**Data extracts**
::::::::::
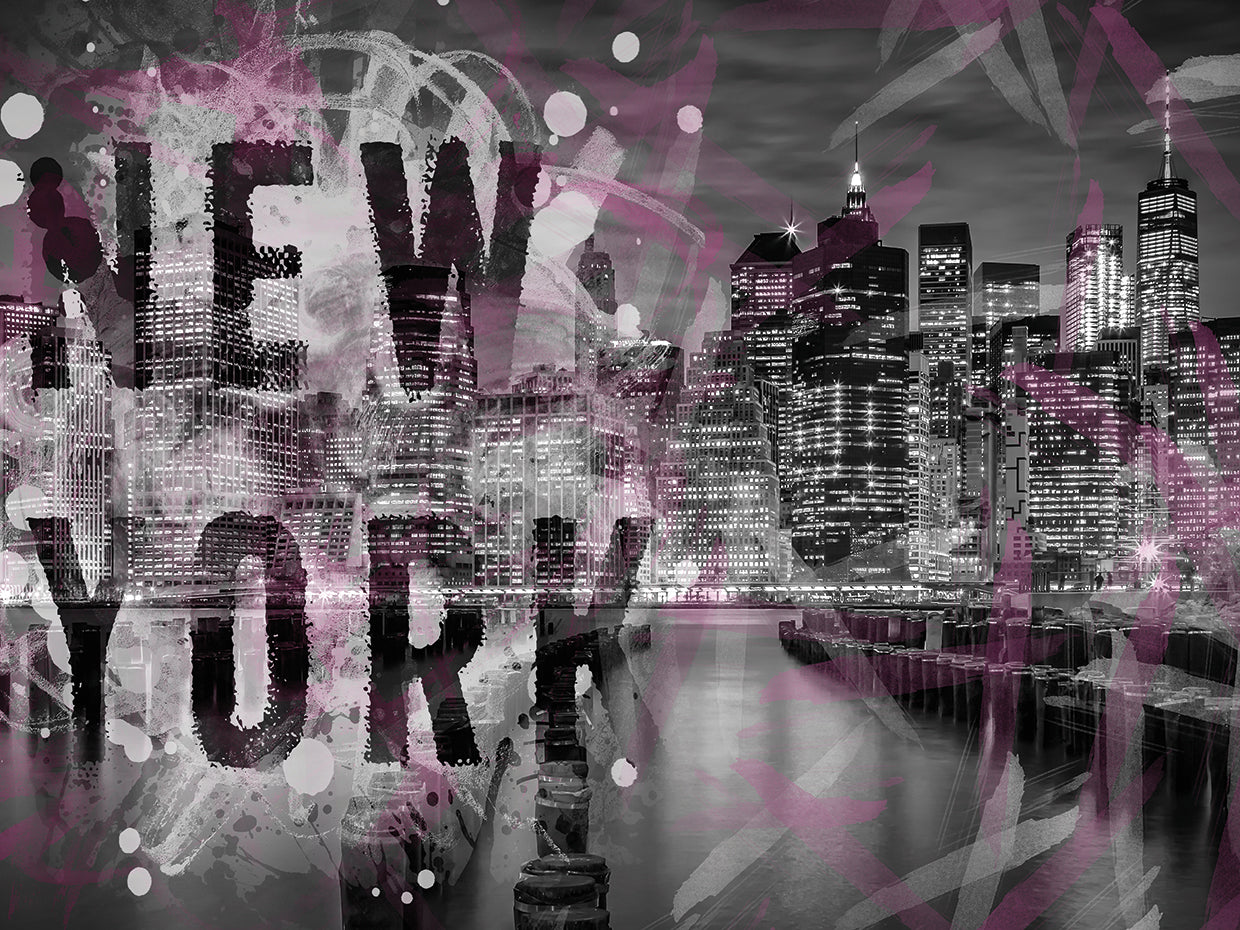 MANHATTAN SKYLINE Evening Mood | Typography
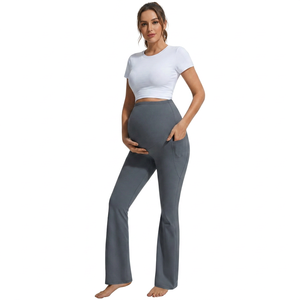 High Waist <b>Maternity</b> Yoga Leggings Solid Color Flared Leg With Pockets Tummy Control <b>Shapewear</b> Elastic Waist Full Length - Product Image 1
::::::::::
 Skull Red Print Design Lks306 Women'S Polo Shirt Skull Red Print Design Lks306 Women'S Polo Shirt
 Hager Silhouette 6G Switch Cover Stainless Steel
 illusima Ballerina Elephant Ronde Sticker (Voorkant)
::::::::::
**Task goal**
While skipping the pictures, transcribe the data above from the line showing "MANHATTAN SKYLINE Evening Mood | Typography" through the line showing "High Waist <b>Maternity</b>", exactly and with both ends.

**Response to the exercise**
 MANHATTAN SKYLINE Evening Mood | Typography
 High Waist <b>Maternity</b> Yoga Leggings Solid Color Flared Leg With Pockets Tummy Control <b>Shapewear</b> Elastic Waist Full Length - Product Image 1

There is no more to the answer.